MUSKIE’S CENTURY

The Androscoggin River was an open industrial sewer when future Sen. Edmund S. Muskie was growing up near its banks in Rumford. When he got to Washington 55 years ago, Muskie did something about it.

Friday was the 100th anniversary of Muskie’s birth and a time to reflect on the incredible legacy of the son of Polish immigrants who became a giant in national politics.

Muskie led the revival of the state Democratic Party in the 1950s, served as governor, senator and U.S. secretary of state. He was his party’s nominee for vice president in 1968, and ran for the presidential nomination four years later.

His name is on the Muskie School of Public Service at the University of Southern Maine, but his greatest legacy is his trailblazing work in environmental policy.

Before Muskie went to Washington in 1959, there were no environmental laws to speak of. By the time he left in 1980, we had the Clean Air Act, the Clean Water Act and the Environmental Protection Agency. When he went to represent Maine in the nation’s capitol, there was no environmental movement outside of a few conservation groups. Muskie authored the laws that require public comment on environmental impacts, creating a need for organizations to study and defend the natural world.

Muskie’s role in these changes will be celebrated throughout this year all over Maine. On Friday, solar panels were dedicated in his memory at Southern Maine Community College.

Another fitting tribute would be resolving one piece of unfinished business and bringing the Androscoggin River into full compliance with the Clean Water Act. It’s ironic that the river that inspired Muskie’s environmentalism is still Maine’s dirtiest.

BAD FEDERAL RULE ON TAP

For a long time, Maine’s brewers and farmers have enjoyed a symbiotic relationship.

Brewers sell spent grain left over from beer making to beef and dairy cattle farms. The farmers have a source of cheap protein, and the brewers don’t have to pay to landfill a waste product. What could be wrong with that?

Plenty, if a proposed U.S. Department of Agriculture rule goes through. The government wants to require brewers to dry the wet, mushy grain and package it as animal feed before the farmers are allowed to use it. The extra steps and expense will end what has been a mutually beneficial arrangement that has been perfectly safe.

U.S. Rep. Chellie Pingree has challenged the change, calling it “absurd,” and she is right. (Pingree, D-1st District, is married to S. Donald Sussman, principal investor in MaineToday Media, the parent company of the Portland Press Herald and its sister papers.)

Farming and brewing on a small scale are not such lucrative businesses that they can afford to add unnecessary expense into the process.

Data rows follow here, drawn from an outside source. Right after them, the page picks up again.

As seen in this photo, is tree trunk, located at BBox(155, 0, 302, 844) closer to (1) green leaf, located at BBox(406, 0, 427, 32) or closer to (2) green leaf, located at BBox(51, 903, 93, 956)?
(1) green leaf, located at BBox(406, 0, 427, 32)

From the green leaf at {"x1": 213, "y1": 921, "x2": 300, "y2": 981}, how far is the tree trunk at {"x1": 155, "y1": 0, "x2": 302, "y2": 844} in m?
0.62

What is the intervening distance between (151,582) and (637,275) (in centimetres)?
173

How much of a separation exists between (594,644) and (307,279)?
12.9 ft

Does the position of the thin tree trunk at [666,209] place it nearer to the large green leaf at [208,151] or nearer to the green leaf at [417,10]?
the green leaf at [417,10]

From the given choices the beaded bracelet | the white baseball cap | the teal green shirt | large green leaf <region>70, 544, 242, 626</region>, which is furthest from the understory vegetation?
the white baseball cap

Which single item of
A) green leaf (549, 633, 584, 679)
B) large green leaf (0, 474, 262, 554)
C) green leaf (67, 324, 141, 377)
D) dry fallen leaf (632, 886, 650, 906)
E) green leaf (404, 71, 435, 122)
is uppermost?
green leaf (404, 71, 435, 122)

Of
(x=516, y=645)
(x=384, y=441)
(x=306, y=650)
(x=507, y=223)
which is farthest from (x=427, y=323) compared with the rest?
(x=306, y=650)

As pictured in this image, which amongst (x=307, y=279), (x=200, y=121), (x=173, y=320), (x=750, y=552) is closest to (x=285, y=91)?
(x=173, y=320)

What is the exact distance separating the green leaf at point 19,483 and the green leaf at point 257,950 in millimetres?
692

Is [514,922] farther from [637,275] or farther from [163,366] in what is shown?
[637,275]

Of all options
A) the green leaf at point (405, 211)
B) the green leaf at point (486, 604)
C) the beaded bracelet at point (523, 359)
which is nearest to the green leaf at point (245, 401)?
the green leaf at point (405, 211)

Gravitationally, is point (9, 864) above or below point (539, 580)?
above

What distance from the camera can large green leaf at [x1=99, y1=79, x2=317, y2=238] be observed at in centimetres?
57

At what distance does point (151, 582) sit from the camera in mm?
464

And, as Pingree rightly points out, the grain is considered safe for human consumption (if not necessarily appetizing enough for humans) – so why would labeling it as animal feed make it any safer?

The farmers and the brewers have a good thing going here. They don’t need the federal government to mess it up.

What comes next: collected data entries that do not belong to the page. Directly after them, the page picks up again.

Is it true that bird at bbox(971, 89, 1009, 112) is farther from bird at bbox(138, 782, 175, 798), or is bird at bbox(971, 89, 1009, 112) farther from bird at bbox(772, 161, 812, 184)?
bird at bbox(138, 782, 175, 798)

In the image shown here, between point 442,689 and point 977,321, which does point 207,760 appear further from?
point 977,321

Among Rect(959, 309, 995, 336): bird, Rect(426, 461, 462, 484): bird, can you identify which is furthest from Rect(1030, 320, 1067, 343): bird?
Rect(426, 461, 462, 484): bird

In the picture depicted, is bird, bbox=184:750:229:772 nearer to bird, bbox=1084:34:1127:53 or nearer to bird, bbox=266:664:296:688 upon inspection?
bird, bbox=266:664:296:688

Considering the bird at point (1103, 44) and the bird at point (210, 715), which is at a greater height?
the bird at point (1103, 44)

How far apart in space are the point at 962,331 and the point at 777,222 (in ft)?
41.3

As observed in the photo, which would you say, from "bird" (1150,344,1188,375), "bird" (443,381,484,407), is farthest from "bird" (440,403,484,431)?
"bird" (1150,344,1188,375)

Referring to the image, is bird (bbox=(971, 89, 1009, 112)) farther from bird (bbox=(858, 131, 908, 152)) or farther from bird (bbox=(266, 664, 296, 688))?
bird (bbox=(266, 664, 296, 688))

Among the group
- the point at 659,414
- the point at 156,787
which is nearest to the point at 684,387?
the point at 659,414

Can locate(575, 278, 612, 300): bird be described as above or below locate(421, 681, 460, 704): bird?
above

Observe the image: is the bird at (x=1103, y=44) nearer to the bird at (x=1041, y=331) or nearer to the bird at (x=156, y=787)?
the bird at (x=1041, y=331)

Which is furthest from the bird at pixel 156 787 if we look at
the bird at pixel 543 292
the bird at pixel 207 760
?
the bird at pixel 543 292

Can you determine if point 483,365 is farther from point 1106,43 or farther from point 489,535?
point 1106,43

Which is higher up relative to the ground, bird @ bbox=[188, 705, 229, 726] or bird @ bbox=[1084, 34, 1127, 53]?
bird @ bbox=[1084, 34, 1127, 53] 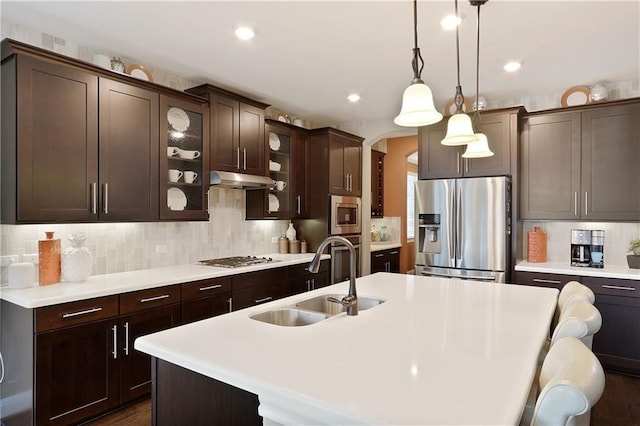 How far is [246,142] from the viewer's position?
12.9 ft

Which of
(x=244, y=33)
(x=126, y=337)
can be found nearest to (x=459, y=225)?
(x=244, y=33)

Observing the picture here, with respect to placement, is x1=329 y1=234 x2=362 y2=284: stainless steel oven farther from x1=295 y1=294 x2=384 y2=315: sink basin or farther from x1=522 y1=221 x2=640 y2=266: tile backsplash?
x1=295 y1=294 x2=384 y2=315: sink basin

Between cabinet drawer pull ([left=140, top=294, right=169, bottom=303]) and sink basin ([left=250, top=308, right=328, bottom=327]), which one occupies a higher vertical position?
sink basin ([left=250, top=308, right=328, bottom=327])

GETTING CREATIVE IN BAYSIDE

For years, Portland has been trying to reclaim the underused industrial facilities in Bayside and bring in more of what a downtown neighborhood needs to thrive.

A proposal with real promise came before the City Council’s Housing and Community Development Committee this week.

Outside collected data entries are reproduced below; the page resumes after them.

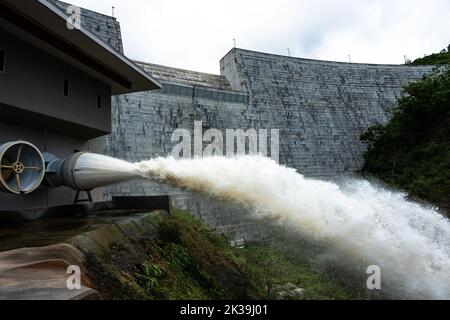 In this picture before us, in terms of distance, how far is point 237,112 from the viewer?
2491 centimetres

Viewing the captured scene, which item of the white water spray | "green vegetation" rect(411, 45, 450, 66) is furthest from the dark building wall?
"green vegetation" rect(411, 45, 450, 66)

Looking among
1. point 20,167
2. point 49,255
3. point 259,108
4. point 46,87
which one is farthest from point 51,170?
point 259,108

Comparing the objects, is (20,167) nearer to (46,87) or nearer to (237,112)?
(46,87)

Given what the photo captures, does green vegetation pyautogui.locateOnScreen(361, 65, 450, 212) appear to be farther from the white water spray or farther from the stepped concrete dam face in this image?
the white water spray

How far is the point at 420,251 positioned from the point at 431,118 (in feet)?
71.1

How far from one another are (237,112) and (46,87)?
1540 centimetres

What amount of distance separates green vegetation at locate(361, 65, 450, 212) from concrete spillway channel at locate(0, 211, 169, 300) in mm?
23145

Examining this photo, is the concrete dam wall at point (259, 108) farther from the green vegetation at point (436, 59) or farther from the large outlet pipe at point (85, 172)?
the green vegetation at point (436, 59)

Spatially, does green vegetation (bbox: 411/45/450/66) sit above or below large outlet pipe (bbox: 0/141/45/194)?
above

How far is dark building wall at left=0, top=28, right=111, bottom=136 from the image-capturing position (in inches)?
384

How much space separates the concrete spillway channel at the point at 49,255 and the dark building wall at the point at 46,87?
3.79 meters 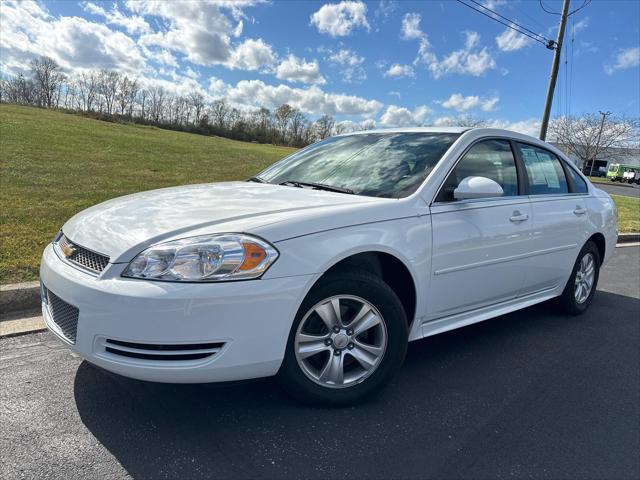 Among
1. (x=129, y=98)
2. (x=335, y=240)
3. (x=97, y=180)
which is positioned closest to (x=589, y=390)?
(x=335, y=240)

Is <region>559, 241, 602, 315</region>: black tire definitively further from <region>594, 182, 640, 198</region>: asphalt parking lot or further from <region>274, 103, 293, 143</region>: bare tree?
<region>274, 103, 293, 143</region>: bare tree

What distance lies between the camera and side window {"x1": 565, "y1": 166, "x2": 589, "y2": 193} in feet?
14.6

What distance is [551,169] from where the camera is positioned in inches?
165

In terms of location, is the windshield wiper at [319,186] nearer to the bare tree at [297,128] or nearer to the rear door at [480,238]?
the rear door at [480,238]

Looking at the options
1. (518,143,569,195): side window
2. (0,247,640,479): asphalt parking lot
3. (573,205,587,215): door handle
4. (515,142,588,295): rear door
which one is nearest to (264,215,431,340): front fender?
(0,247,640,479): asphalt parking lot

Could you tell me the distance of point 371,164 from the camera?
329cm

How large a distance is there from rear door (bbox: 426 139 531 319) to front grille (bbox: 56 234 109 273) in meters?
1.82

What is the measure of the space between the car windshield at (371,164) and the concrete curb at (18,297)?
2.09m

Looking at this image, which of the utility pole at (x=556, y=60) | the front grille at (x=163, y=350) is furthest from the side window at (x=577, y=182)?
the utility pole at (x=556, y=60)

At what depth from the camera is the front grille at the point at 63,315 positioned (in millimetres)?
2227

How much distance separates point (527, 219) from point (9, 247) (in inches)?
193

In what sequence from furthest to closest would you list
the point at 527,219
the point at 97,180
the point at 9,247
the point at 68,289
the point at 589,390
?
the point at 97,180 → the point at 9,247 → the point at 527,219 → the point at 589,390 → the point at 68,289

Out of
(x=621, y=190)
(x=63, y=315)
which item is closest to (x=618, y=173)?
(x=621, y=190)

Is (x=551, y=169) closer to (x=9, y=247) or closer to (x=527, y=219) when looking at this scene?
(x=527, y=219) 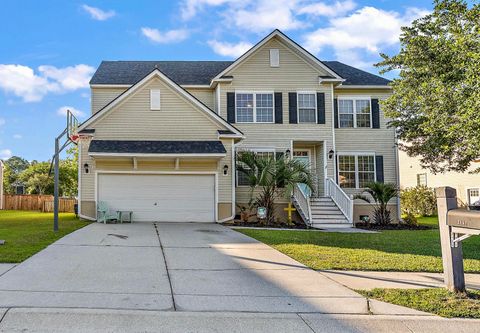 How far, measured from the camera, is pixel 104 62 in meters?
22.0

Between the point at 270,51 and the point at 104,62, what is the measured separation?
31.5 ft

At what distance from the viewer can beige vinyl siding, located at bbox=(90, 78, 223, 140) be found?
16.8m

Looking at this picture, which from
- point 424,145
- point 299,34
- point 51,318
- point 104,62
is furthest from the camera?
point 104,62

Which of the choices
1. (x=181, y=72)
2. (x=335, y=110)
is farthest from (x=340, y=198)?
(x=181, y=72)

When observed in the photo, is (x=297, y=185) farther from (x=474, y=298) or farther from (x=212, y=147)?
(x=474, y=298)

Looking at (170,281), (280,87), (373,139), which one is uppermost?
(280,87)

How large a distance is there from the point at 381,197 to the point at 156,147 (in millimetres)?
10148

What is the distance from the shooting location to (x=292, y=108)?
18938 millimetres

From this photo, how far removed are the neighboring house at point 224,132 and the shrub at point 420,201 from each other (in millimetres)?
7087

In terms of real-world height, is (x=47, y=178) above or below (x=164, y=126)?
below

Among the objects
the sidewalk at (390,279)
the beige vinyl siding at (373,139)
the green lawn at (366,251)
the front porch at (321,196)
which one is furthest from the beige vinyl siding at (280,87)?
the sidewalk at (390,279)

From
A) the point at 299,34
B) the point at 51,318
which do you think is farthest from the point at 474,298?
the point at 299,34

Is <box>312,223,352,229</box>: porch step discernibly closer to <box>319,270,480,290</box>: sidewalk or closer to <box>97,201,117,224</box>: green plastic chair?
<box>97,201,117,224</box>: green plastic chair

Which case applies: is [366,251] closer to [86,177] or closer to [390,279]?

Two Bayside residents propose turning the city’s Department of Public Services buildings into small manufacturing, studio and learning spaces, to provide affordable space to get new arts and technology businesses off the ground.

The backers of the what would be called the Created Enterprise Center would work with entrepreneurs and possibly the University of Southern Maine to provide a place where ideas can be realized. The concept is based in part on the Artisan’s Asylum in Somerville, Mass., which has created more than 50 startup businesses since it opened five years ago.

As Portland’s property values skyrocket, affordable studio space is growing harder to come by, and if it all disappears, Portland would lose the creative spirit and activity that make it so attractive.

This plan will be fleshed out before it is presented at a future meeting. We are looking forward to seeing what they come up with.